I did idly wonder yesterday, what series of thoughts the 6502 designers had, in having an X and a Y and using them in the slightly different way they did. They had room for 3 bytes of registers, plus the accumulator, and they had an 8-bit ALU and of course a 16 bit PC with an incrementer. (The status byte is just a loose collection of flip flops.) That's a lot less visible state than the 6800 which they'd come away from, which has 6 bytes of state vs 4, and also has an internal temporary register.

litwr · Post by **litwr** » Thu May 04, 2017 4:22 pm

BigEd wrote:

Here's a thought. If we think, for example, of how to perform a version of lda (n),y on the 6502 where both the n and the y are 16-bit quantities, that would take quite a few instructions, bytes, cycles. All we need to do in the instruction encoding for an improved machine is to beat that density and speed comfortably - we don't have to fit it into three bytes. Even five bytes would be a win, I think.

I don't completely catch the idea. IMHO it is obvious that the better code density means the better speed because of the better cache performance. If we have 24/32-bit address space then n and y should be 24/32-bit too. But if we have zp-registers then what is it all for?
I also miss a bit the point in an idea that 6502+ has some disadvantage compared with x86. 6502+ shows that 6502 had very big potential for its further development and with proper support would be the best to the our time. Intel x86 is good, better than DEC PDP/VAX-11, Motorola 680x0, NS 320xx, ... but 6502 was better (IMHO). Intel won because it had much more resources and Motorola was too stupid to support the better CPU and its better future.
BTW I can share yet another idea which can make the position of 6502+ even more better. The second accumulator would have to have the double width.

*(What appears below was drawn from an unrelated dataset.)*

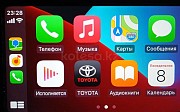 CarPlay и Android Auto в твоей Toyota Camry70 Алматы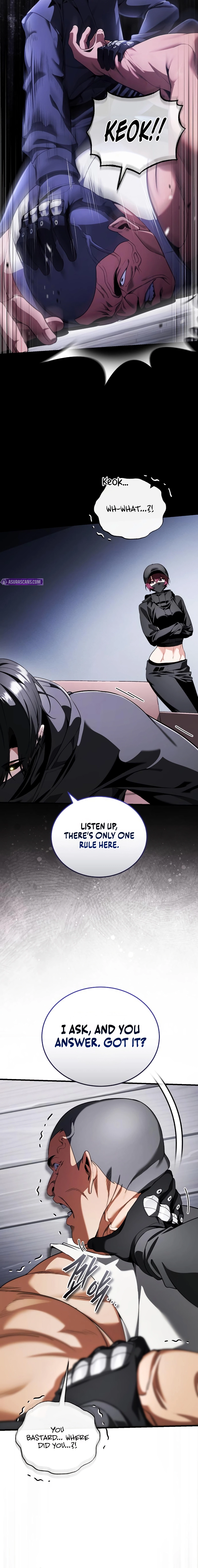 Echoes of the Reverse Planet Chapter 28 - page 17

It would be a thing similar to z80 HL-accumulator but with the full range of operations. It would be 16-bit at the 8-bit data mode, 32-bit at 16-bit mode, ..., 128-bit at 64-bit mode. All operations with zp-registers would be very fast and short. Every ALU upgrade would make them much faster.

Arlet · Post by **Arlet** » Thu May 04, 2017 4:34 pm

Quote:

I also miss a bit the point in an idea that 6502+ has some disadvantage compared with x86

The area where the 6502+ is lacking is the ability to perform operations on the zeropage and index registers, as well as complex addressing calculations using multiple registers and/or offsets. As I understand it, anything except INC/DEC still needs to go through the A/B register.

Something simple as doing a memcpy() using 32 bit transfers requires +4 on the address pointer, which would require loading the pointer into A, adding 4, and moving it back.

You may want to try the memory allocation challenge with a 6502+ program, and compare it to my ARM Cortex code. I've posted a reference version in C.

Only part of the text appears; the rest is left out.